• [WORK ITEM] Quote the listing below in full and exactly as written, but omit every picture.

** Opening INFORMATION GIVEN block **

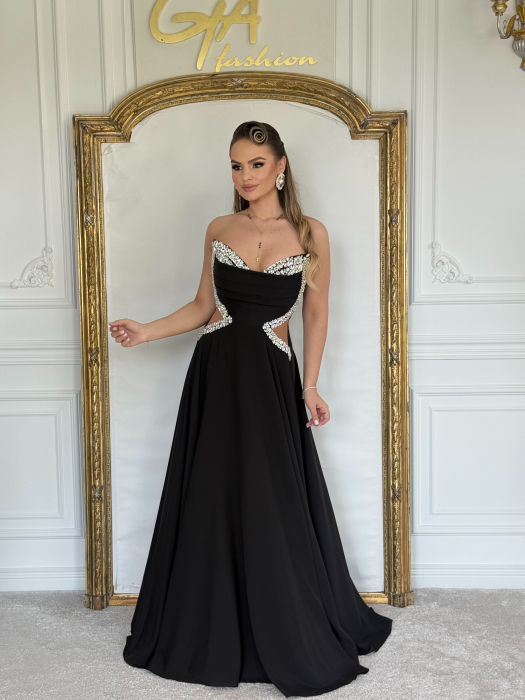 Rochie Rinella Black [5]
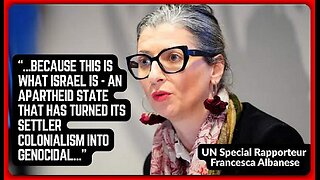 "Israel has accused me of WITCHCRAFT in 2025" Francesca Albanese tells the UN Committee •🕞13.5 mins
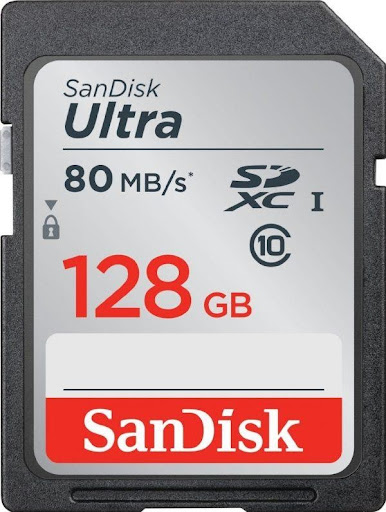 Thẻ nhớ SDXC SanDisk Ultra 128GB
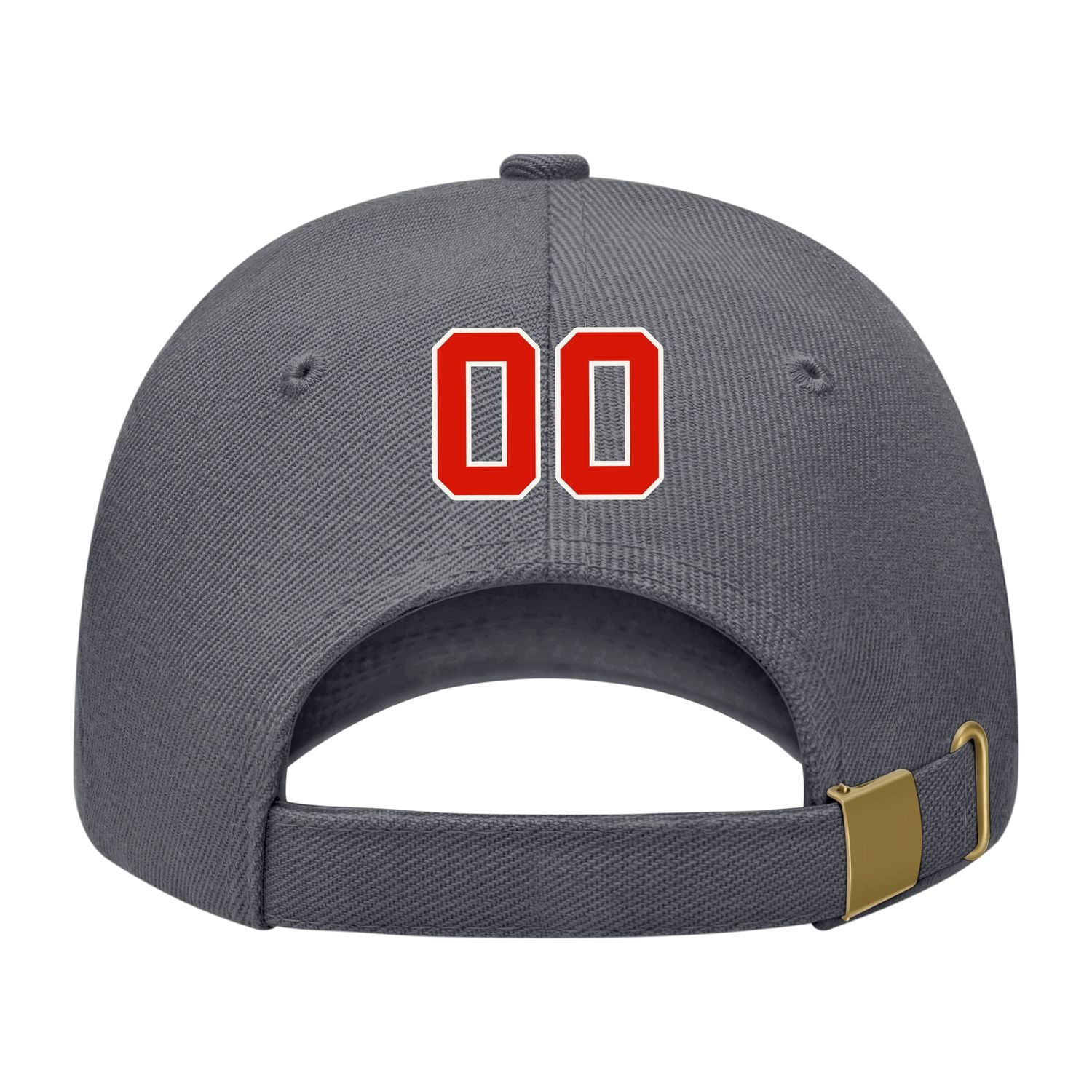 Custom Dark Grey Lavender Gray Hat 08B21812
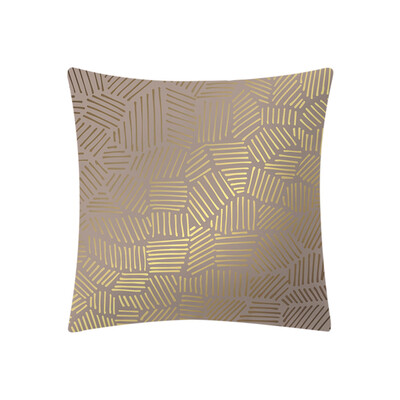 

〖Follure〗Khaki Stylish simplicity Cushion Cover Square Pillowcase Home Decoratio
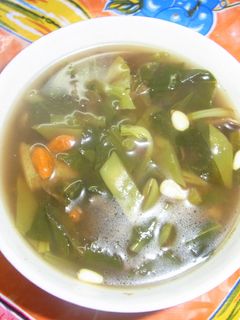 具沢山の和風カレースープ-レシピのメイン写真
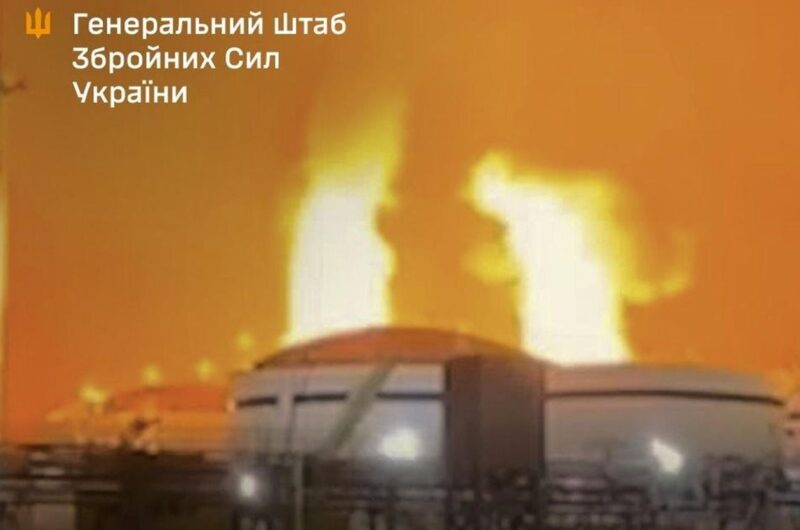 Генштаб підтвердив ураження порту Усть-Луга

** Closing INFORMATION GIVEN block **

• [SOLUTION FOR THIS PROBLEM]
 Rochie Rinella Black [5]
 "Israel has accused me of WITCHCRAFT in 2025" Francesca Albanese tells the UN Committee •🕞13.5 mins
 Thẻ nhớ SDXC SanDisk Ultra 128GB
 Custom Dark Grey Lavender Gray Hat 08B21812

〖Follure〗Khaki Stylish simplicity Cushion Cover Square Pillowcase Home Decoratio
 具沢山の和風カレースープ-レシピのメイン写真
 Генштаб підтвердив ураження порту Усть-Луга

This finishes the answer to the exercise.